BERT with ULMFiT in FastAi

Hello, I started with Machine Learning about a year ago and writing my master thesis about Transfer Learning with the main focus being to train a model with ULMFiT and a limited amount of Data. My goal is to prove that ULMFiT with the FastAi library can be done easlily and quickly by beginners like me without sacrificing too much time on training and hyper parameter tuning and still getting decent perfomance on different tasks.

The strange thing is that basic fine tuning of the classifier mostly ends up with similar or even better results then the one trained with ULMFiT method. The possible problem that could lead to those results is that I am heavily relying on the lr_find funtion since I have to train multiple BERT models to evalute all variations of my Data Sets (IMDB, SST-5 and a self labeled CounterStrike News article set) without spending too much time on choosing the right learning rate. Those data sets get split into 100/75/50/25% of their size to see how much impact the data size has on the performance.

Here is the colab notebook I wrote to evaluate the different transfer learning methods. Does anyone has a suggestion where the problem could be within my implementation of ULMFiT? My guess is that I probably should spend more time on Hyperparameter tuning but this would contradict to the purpose of my thesis which is that it should be useable quickly.

Sorry I don’t fully understand, are you saying you’re comparing ULMFiT to BERT? BERT will outperform ULMFiT in many cases. From what I remember, ULMFiT can have a small advantage over BERT for data from very different domains where you have little data…but generally BERT will outperform

1 Like

Oh I am sorry if i did not clarify it good enough. I am actually using the transfer learning methods like gradually unfreezing, discriminative learning rates and slanted triangular learning rates for fine tuning a BERT model.

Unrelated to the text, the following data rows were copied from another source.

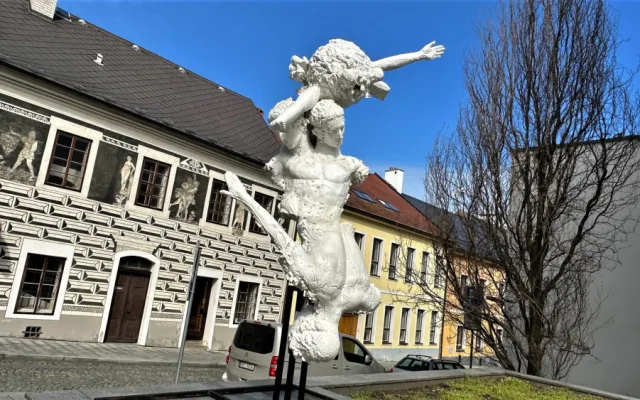 Sochy v ulicích opět budí vášně, letos to nejvíce schytává obří instalace se zabodnutým kajakem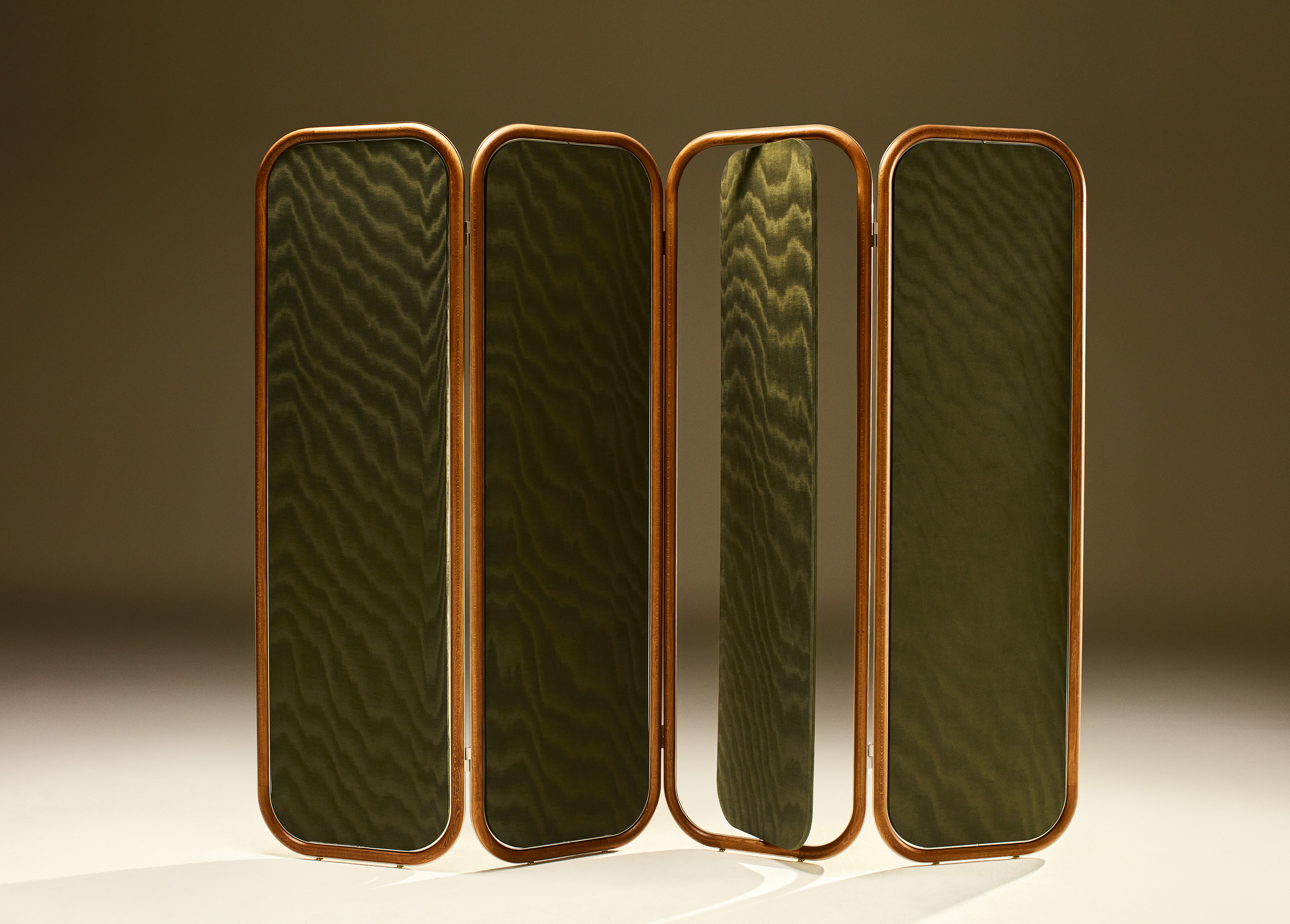 Mise En Scène by Tatjana von Stein, made of Upholstery and Wood, Honey Oak version, picture 1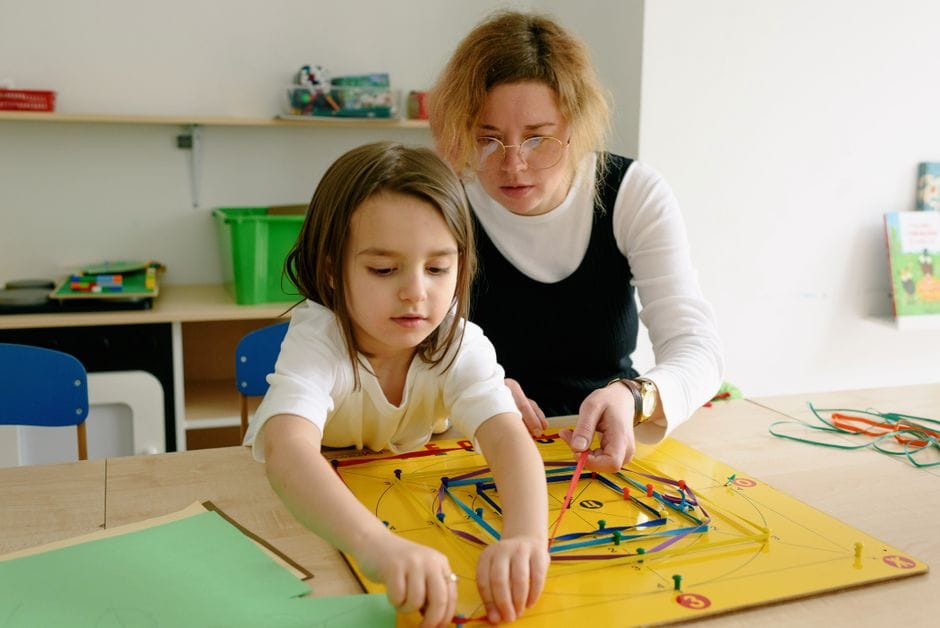 Hướng dẫn chi tiết lộ trình trở thành giáo viên Montessori chuyên nghiệp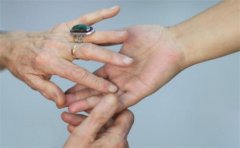 手相感情线详解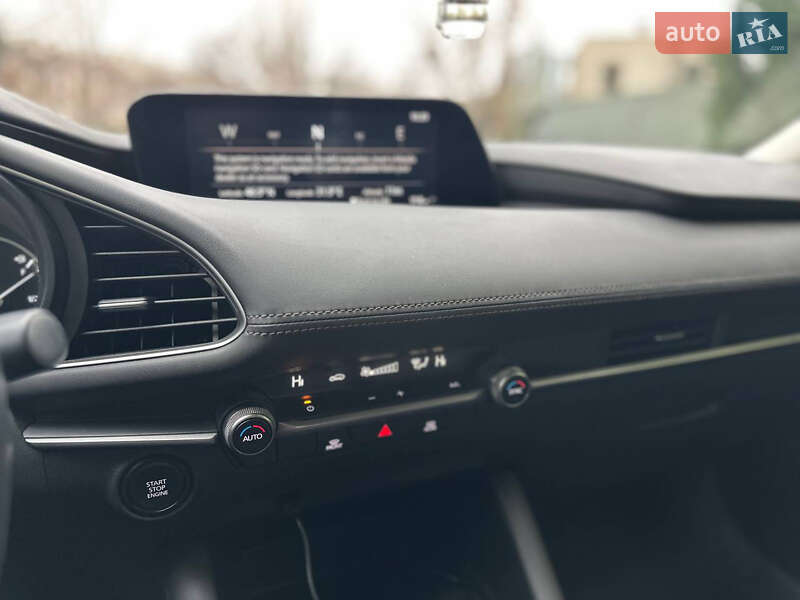 Седан Mazda 3 2021 в Миколаєві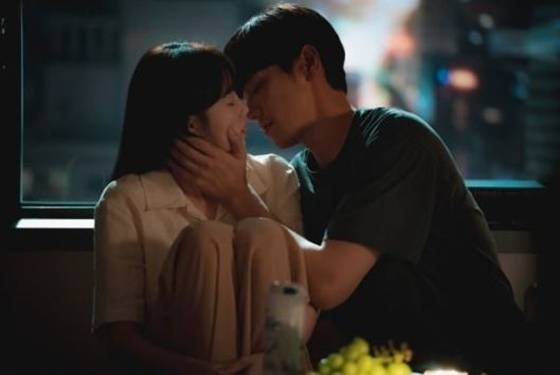 '사랑이라 말해요' 김영광, 이성경 /사진제공=월트디즈니컴퍼니 코리아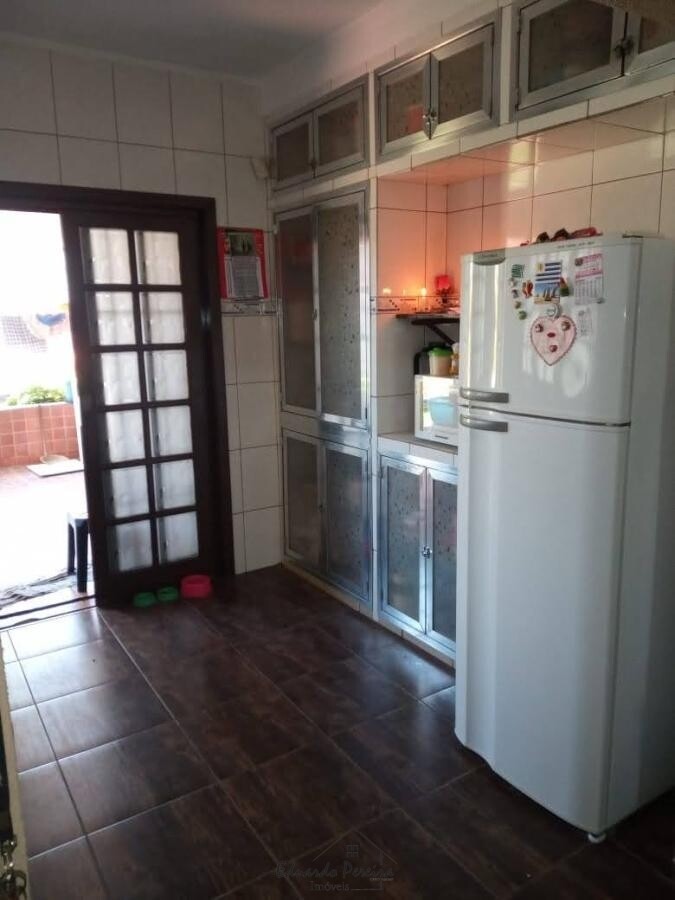 Sobrado à venda com 2 quartos, 110m² - Foto 8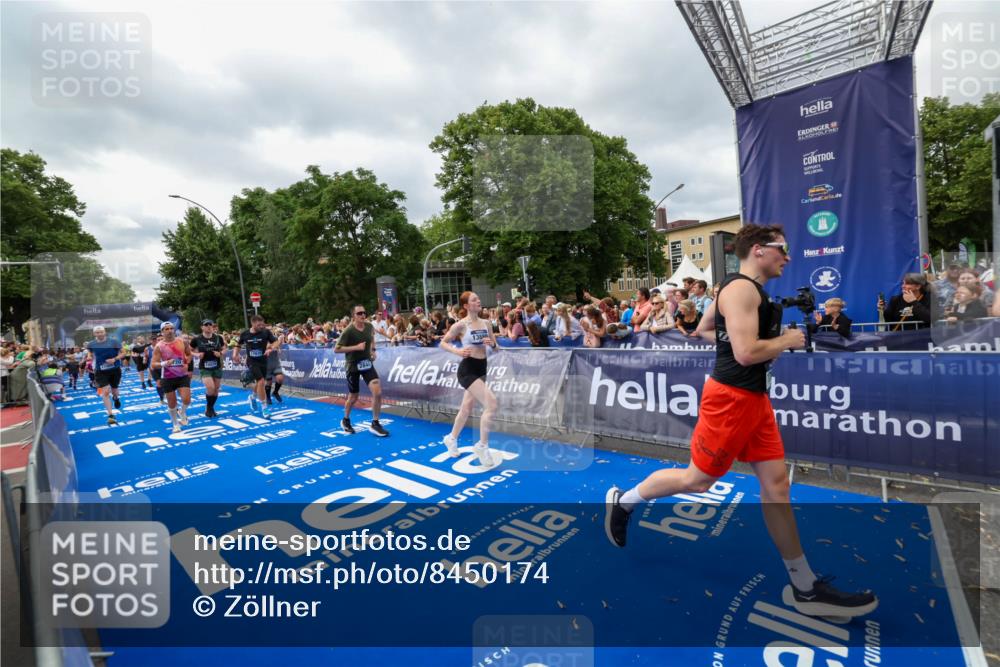29.06.2025 - hella hamburg halbmarathon Zöllner http://msf.ph/oto/8450174 29.06.2025 10:58:53 Ziel 2159, 2488, 2840, 3859, 4632, 4833, 5277, 5885, 6720, 8807, 9156, 9353, 10268, 10539, 12734, 13880, 14266, 14673, 14902, 14965, 17405, 17630, 17839, 18232, 18954 meine-sportfotos.de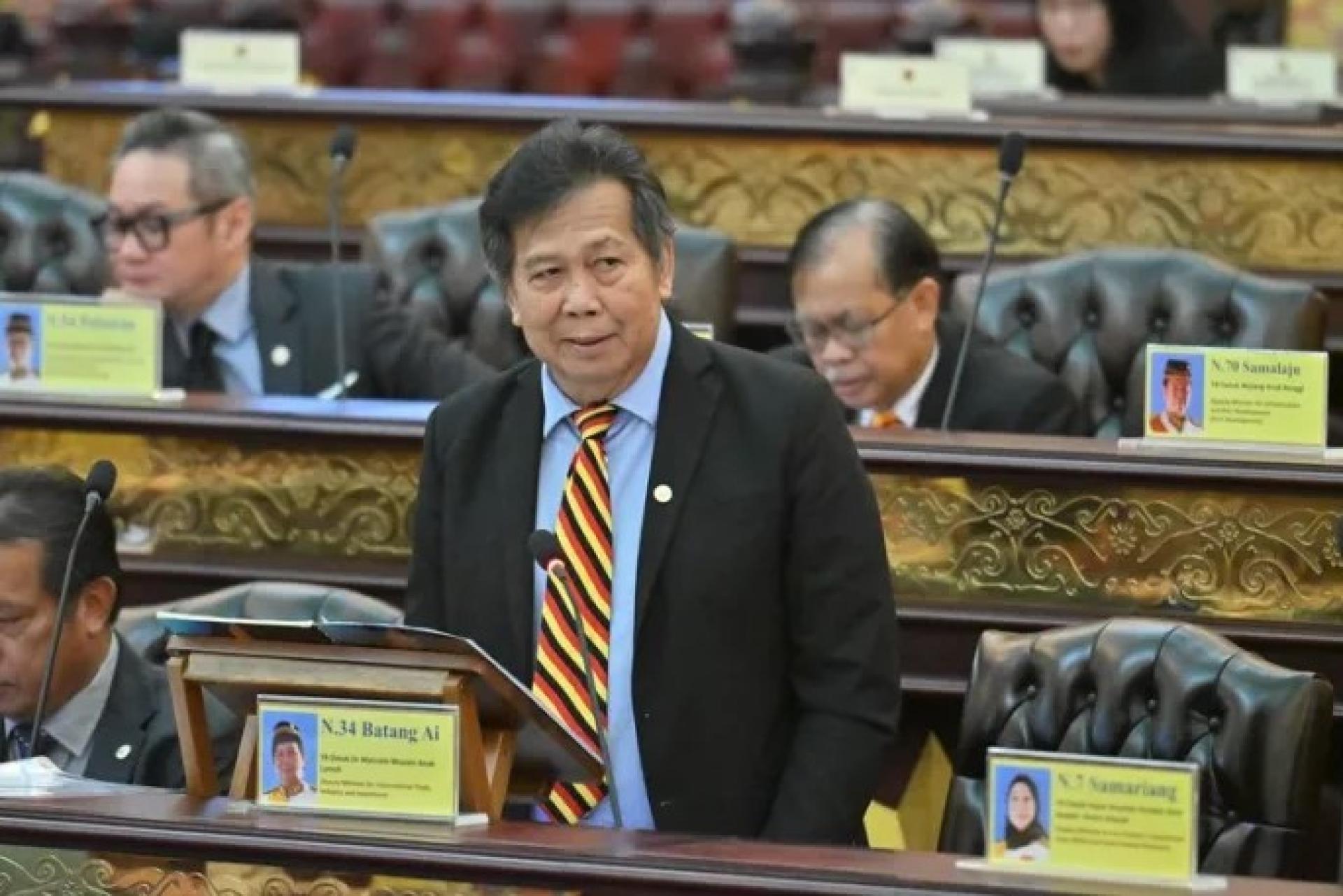 马尔科姆于2025年12月1日砂拉越州议会会议上发表国际贸易及投资部总结发言。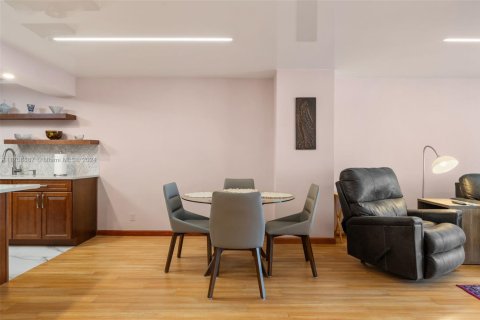 Condominio en venta en Hallandale Beach, Florida, 1 dormitorio, 120.77 m2 № 1865041 - foto 5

So based on the concept of ULMFiT I am using it on BERT and want to see if it improves the performance compared to a BERT model that is only fine tuned by adding a classifier and training the whole model for 3-5 Epochs.

1 Like

Ah gotcha, interesting work!

From the little I have done and from what I’ve seen people here try, fine-tuning BERT with the nice fastai tricks hasn’t had a dramatic difference over a more naive fine-tuning approach. Having said that I would love to see a fully analysis to prove/disprove that idea…

One thing I haven’t explored but would love to see is whether using the Mish activation function and/or Ranger optimizer in BERT would yield any improvements. (But to use Mish you are technically changing the architecture slightly so maybe thats out of scope for you)

1 Like

Thanks! I will probably make a post with the evaluation of the results when I am finished with my thesis by the end of September.

From what I´ve seen so far you are probably right. It does not make a big difference. I only noticed that when you scale down the amount of data, the basic fine tuning starts to struggle and the performance decreases whereas the ULMFiT approach almost keeps the same performance.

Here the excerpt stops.